Moje Bermudy Stal Gorzów nie miały problemu z pokonaniem Argedu Malesy Ostrów Wielkopolski w 7 kolejce PGE Ekstraligi. Gorzowianie wygrali 55-35.
Już po pierwszej serii było 16-8 dla Stali, która pozwoliła rywalom z Ostrowa zremisować tylko w 4 biegu, kiedy na końcu stawki przyjechał debiutant – Oskar Hurysz. Pozostałe wyścigi gorzowianie wygrywali.
W drugiej serii znów jeden remis, ale też dwa podwójne zwycięstwa Stali i 29-13 po 7 wyścigu.

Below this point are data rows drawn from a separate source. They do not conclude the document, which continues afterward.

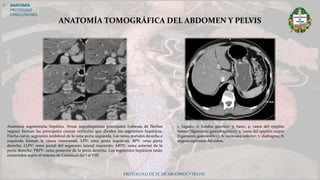PROTOCOLO DE TC DE ABDOMEN Y PELVIS
ANATOMÍA TOMOGRÁFICA DEL ABDOMEN Y PELVIS
 ANATOMÍA
PROTOCOLO
CONCLUSIONES
Anatomía segmentaria hepática. Venas suprahepáticas principales (cabezas de flechas
negras) forman las principales cisuras verticales que dividen los segmentos hepáticos.
Flecha curva: segmento umbilical de la vena porta izquierda. Las venas portales derecha e
izquierda forman la cisura transversal. LPV: vena porta izquierda; RPV: vena porta
derecha; LLPV: rama portal del segmento lateral izquierdo; ARPV: rama anterior de la
porta derecha; PRPV: rama posterior de la porta derecha. Los segmentos hepáticos están
numerados según el sistema de Couinaud del I al VIII.
1: hígado; 2: fundus gástrico; 3: bazo; 4: vasos del epiplón
menor (ligamento gastrohepático); 5: vasos del epiplón mayor
(ligamento gastrocólico); 6: vena cava inferior; 7: diafragma; 8:
ángulo esplénico del colon.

I nikt już nie miał wątpliwości, kto może wygrać mecz, przed którym zresztą gorzowianie byli stuprocentowym faworytem.
W Stali klasą dla siebie byli Zmarzlik, Thomsen i Woźniak, którzy nie przegrywali z rywalami. Pierwsze punkty w lidze zdobył Oskar Hurysz, który przyjechał drugi w biegu młodzieżowym.
Do końca spotkania gorzowianie mieli kontrolę nad wynikiem, a ostatecznie wygrali 20 punktami. Odnotować należy natomiast, że drużynie z Ostrowa udało się wygrać w końcówce 3 biegi po 4-2.
Punkty dla Stali: Woźniak 9, Thomsen 12, Vaculik 10, Hansen 5, Zmarzlik 12, Hurysz 2, Bartkowiak 3, Jasiński 2.
Arged Malesa: Berntzon 8, Gapiński 5, Nielsen 7, Holder 11, Krawczyk 1, Szostak 2, Soerensen 1.